🤖 AI Summary
This work addresses the memory bandwidth bottleneck encountered when performing QR decomposition of tall-and-skinny dense real matrices on GPUs. The authors systematically evaluate algorithms including Cholesky-QR2, SVQB, and Householder-based TSQR, and introduce two key optimizations: a Q-less QR strategy that avoids explicitly storing the orthogonal factor Q to reduce memory overhead, and a hybrid approach combining shared memory with a tree-based reduction structure to accelerate local computations.
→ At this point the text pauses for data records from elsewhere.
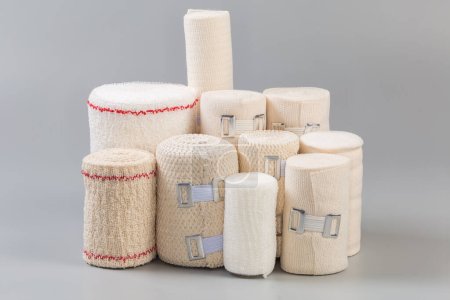 Photo for Set of modern woven elastic medical bandages different sizes rolled into rolls, some of them with aluminum stretchable clips stand on a gray surface, side view close-up - Royalty Free Image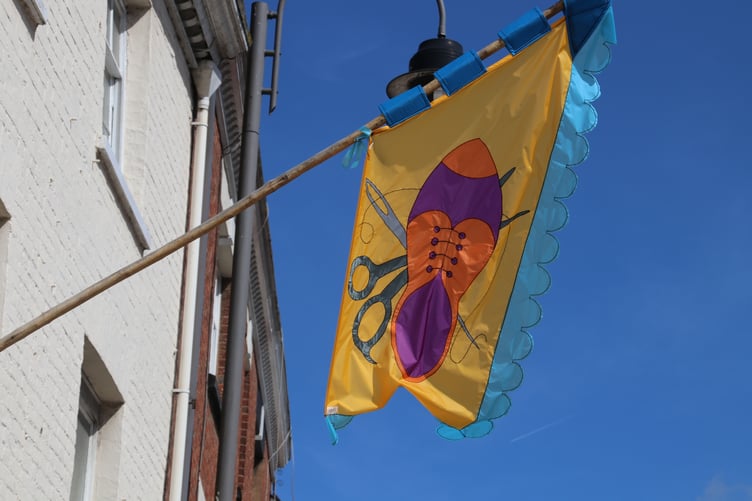Flags in Crediton High Street by Alan Quick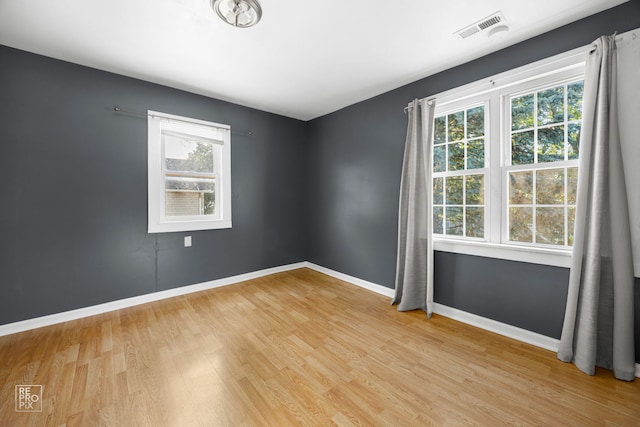 834 Spruce St, Aurora, IL 60506 - unfurnished room with light wood-style floors and baseboards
Experimental results on double-precision GPUs demonstrate that the optimized TSQR implementation significantly outperforms existing methods in memory- and compute-bound regimes and remains competitive with vendor-provided libraries, underscoring the critical role of specialized optimizations for QR decomposition of tall-and-skinny matrices.
📝 Abstract
We consider the problem of computing a QR (or QZ) decomposition of a real, dense, tall and very skinny matrix. That is, the number of columns is tiny compared to the number of rows, rendering most computations completely or partially memory-bandwidth limited. The paper focuses on recent NVIDIA GPGPUs still supporting 64-bit floating-point arithmetic, but the findings carry over to AMD GPUs as well. We discuss two basic algorithms: Methods based on the normal equations (Gram matrix), in particular Cholesky-QR2 and SVQB, and the "tall-skinny QR" (TSQR), based on Householder transformations in a tree-reduction scheme. We propose two primary optimization techniques: Avoiding the write-back of the Q factor ("Q-less QR"), and exploiting fast local memory (shared memory on GPUs). We compare a straight-forward implementation of Gramian-based methods, and a more sophisticated TSQR implementation, in terms of performance achieved, time-to-solution, and implementation complexity. By performance modelling and numerical experiments with our own code and a vendor-optimized library routine, we demonstrate the crucial need for specialized methods and implementations in this memory-bound to transitional (memory/compute-bound) regime, and that TSQR is competitive in terms of time-to-solution, but at the cost of an investment in low-level code optimization.